OpenBSD

Gidday

Id like to know peoples opinions on OpenBSD, particuarly in comparision to FreeBSD. Ive used FreeBSD for a while, but am new to OpenBSD.

I am soon to be setting up a single domain web and mail server, with internal samba. Its not likely to be a high traffic site.

Im mainly wondeirng about OpenBSD's security. Is it really so secure once Apache and Samba and Postfix are running? Is it very STABLE under any load?

Comments? Suggestions? Experiences?

Thanks

OpenBSD's default installation might be a little more secure than FreeBSD's default installation, but in my opinion, it can't touch FreeBSD's stability (especially on older hardware).

And if you're already familiar with FreeBSD, it should be pretty easy to make FreeBSD just as secure as OpenBSD.

I just got over a phase where I thought I wanted to switch to OpenBSD (because of it's highly praised security). I installed OpenBSD on 2 servers (a DNS server running Bind, and a web server running PHP/Apache/MySQL). I'm still running OpenBSD on my name server, but under high loads, the web server seemed to die about once every other week. After wiping the web server and installing FreeBSD, I haven't had any problems.

Dave Tufts
http://dave.imarc.net/freebsd/

Does anyone else have any comments on the stability or security of OpenBSD?

Ive installed it since I posted, and found it quite nice and logical in the config department.

No crashes or un-usual stuff as yet.

Well, ive got it up and running as a public server now.

The only problem i have had is with httpd src, which Ive been told how to fix. No biggie.

My thoughts so far are that OpenBSD is an excellent OS. Very proper and correct.

Good for you. I haven't used OpenBSD since 2.X. OpenBSD is IMHO the most secure OS outside of IBM or a Trusted Sun OS.

OpenBSD does lack some of FreeBSD's features. The biggest, unless they have improved this since early 2.x days, is the lack for SMP (multi processors). Since we use FreeBSD to power some of our backend databases at work, we needed the extra horse power of dual processor systemsm, so at the time OpenBSD was out of the question.

The OpenBSD team falsely prides itself on creating the most secure O/S on earth.

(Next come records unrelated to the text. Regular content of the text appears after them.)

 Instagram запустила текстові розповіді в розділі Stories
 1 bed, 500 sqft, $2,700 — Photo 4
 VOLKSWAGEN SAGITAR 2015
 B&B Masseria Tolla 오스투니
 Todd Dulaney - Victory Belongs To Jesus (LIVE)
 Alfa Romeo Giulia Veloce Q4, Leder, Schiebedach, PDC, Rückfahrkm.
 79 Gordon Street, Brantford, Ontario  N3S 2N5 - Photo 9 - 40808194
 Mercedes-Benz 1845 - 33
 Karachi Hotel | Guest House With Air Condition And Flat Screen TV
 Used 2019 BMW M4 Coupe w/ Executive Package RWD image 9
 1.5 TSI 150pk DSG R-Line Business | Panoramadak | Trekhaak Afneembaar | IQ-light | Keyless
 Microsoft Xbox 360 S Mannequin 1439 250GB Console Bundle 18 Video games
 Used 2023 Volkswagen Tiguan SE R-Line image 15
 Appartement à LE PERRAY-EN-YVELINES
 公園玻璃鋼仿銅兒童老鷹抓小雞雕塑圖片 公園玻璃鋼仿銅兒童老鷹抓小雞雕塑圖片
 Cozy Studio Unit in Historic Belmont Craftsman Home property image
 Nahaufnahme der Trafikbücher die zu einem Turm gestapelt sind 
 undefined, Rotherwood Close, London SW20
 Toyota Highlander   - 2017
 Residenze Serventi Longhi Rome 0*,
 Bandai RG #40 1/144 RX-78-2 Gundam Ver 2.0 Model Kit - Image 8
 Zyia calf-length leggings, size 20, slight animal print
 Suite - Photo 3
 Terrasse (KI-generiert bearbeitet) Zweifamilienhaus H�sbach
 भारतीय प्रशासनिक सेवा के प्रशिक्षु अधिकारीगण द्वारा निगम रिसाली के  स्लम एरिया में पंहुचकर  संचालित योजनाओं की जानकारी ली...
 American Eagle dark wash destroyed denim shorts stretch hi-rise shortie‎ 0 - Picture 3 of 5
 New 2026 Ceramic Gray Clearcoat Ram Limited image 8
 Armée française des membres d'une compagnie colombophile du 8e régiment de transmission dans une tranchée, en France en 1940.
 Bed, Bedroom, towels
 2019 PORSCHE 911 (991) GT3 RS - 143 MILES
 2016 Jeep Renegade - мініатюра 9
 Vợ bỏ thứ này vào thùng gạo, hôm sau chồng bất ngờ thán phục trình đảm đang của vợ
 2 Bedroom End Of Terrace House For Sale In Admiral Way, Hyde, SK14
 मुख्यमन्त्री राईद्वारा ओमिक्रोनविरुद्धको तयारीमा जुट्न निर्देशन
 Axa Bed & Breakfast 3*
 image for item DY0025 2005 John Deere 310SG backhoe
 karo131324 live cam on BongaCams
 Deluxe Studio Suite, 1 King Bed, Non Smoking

Why do I say falsely? Once upon a time there was a remote root vulnerability found in BSD's ftp daemon. Guess who fixed it last? The OpenBSD team. Their excuse: the ftp daemon is not enabled by default, therefore OpenBSD is still more secure. Funny how nothing is enabled by default. Or at least that's how it was when I was using it back around v2.8, maybe it's better now.